▶ Materials provided
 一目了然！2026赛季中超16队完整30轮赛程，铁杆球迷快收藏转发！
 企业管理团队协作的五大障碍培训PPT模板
==
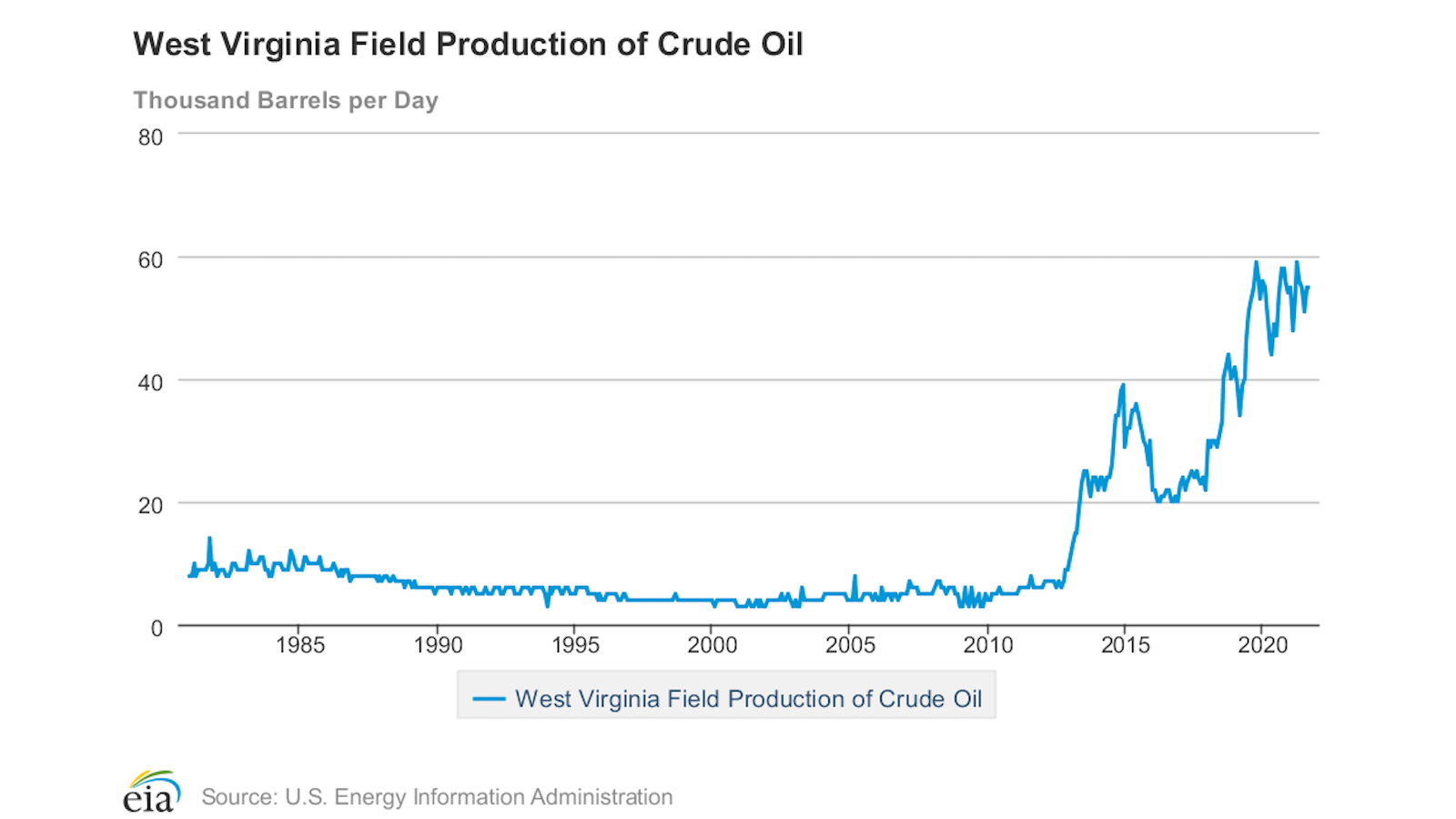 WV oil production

▶ Try it
Starting at the line above that contains "一目了然！2026赛季中超16队完整30轮赛程，铁杆球迷快收藏转发！", repeat each line exactly up to and including the line that contains "企业管理团队协作的五大障碍培训PPT模板", and stop there.

▶ Response box
 一目了然！2026赛季中超16队完整30轮赛程，铁杆球迷快收藏转发！
 企业管理团队协作的五大障碍培训PPT模板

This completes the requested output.